Wednesday, May 13, 2009
holidays finally. time to enjoy myself and have targets!
but really, i think there will be this thing about women that i can never understand.
but whatever, just do whatever you like, i can't care less. its almost at a mental stage.
looked up @ 12:46 PM
Wednesday, April 08, 2009
i have no idea how to apply whatever i'm studying to the text we will get on monday. what the heck.
i still have the whole freaking sounds/features of english to memorise.
then there's geography, a shoe box high of notes. wonderful.
inhuman, i tried to start early, but i'm back in this rut again.
come on, next time i will be on track. hai.
looked up @ 9:02 PM
Monday, April 06, 2009
i really have no idea how to take my exams, yeah, i wasn't keeping up with work throughout the semester so i'm pretty screwed now. looks like i have to start mugging alr. haha.
looked up @ 8:11 AM
Tuesday, February 17, 2009
should we be seeing things from such a commercial standpoint? lives are worth nothing like a transaction and seemingly wasted for the purpose financial freedom. there is no doubt that there is some truth in what you said, but i concluded,
you will always regret and be cynical of your decisions made 40 years ago, because there are too many "if only"s and because things are this way. we are beings who are designed for regret.
theres nothing more demoralising than a father and son talk.
looked up @ 9:24 AM
Sunday, February 01, 2009
deleted. to savour the memories as they are.

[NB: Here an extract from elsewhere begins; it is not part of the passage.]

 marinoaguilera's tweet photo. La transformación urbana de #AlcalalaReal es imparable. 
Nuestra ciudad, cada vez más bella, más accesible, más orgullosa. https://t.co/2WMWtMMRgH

been busy. so much work its maddness. fruitful CNY.
looked up @ 2:31 PM
Friday, December 05, 2008

Went for the mendaki camp, enjoyable. great fun. Now that its over, some part of me feels like having a 3day 2night thingy. hahaha. but because I wasn't on the planning comm. So its much much easier. great bonding time for everyone. more photos to come.
looked up @ 11:50 AM
Monday, November 10, 2008
To walk away anytime and to prevent the sorrow when it eventually disappears. I always tell myself, 3/4. This afternoon I was 4/4, I was vulnerable, and nothing helped. I just needed a few words, and I couldn't find them.
I was just awoken to my one (and only) rule:
Thou shall not step 100% into it.
I'm losing faith, at times I feel like shit and I want out.

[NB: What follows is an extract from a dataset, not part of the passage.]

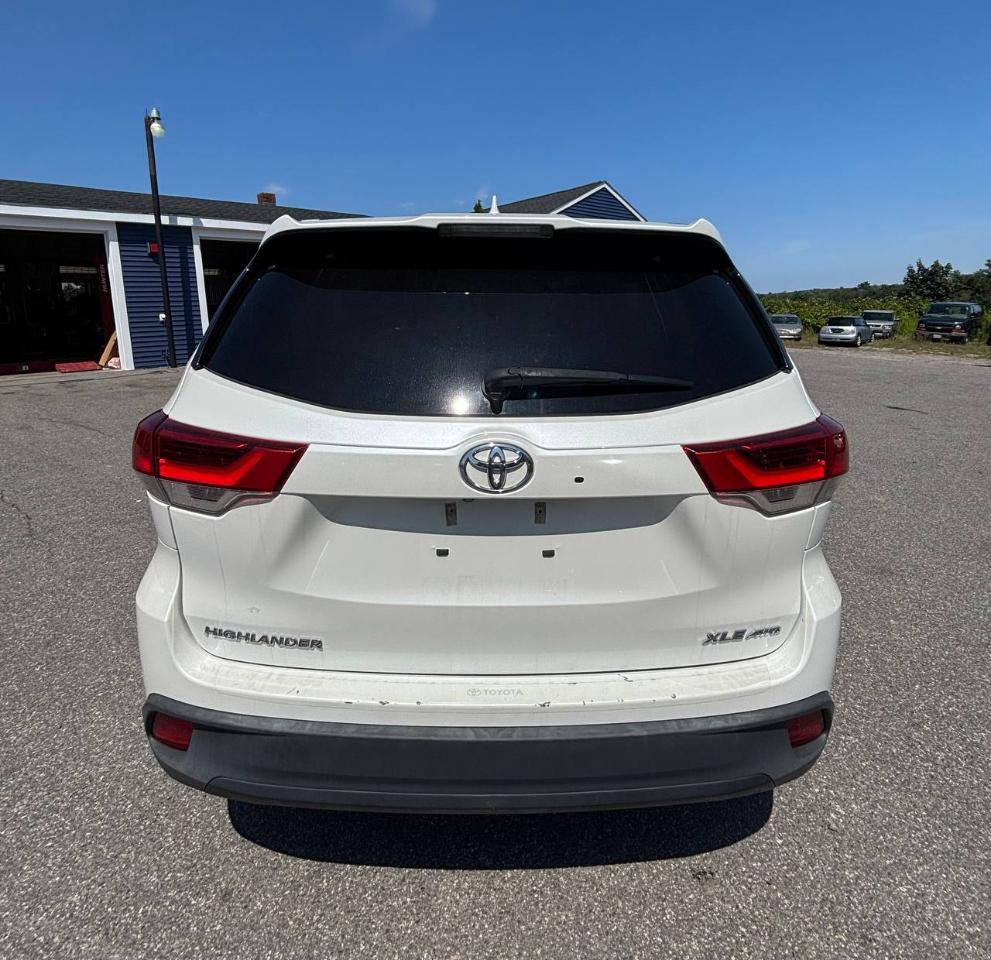 Toyota Grand Highlander XLE AWD 2024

Perhaps its just the seasonal effects.
looked up @ 11:15 PM
I feel so much better after talking to meihui. thanks miss goh. really calmed me down. wish you luck for the exams !!
looked up @ 6:42 PM
I feel
I feel vulnerable, I feel stressed, I feel like there is nothing I can do to help myself. I feel I'm at a dead end. I feel weak. I feel I'm on the brink of giving up.
Why did I even choose this route?
I should have just done something else, anything else seems like a good choice at this point of time. Someone, help me please. I really need it.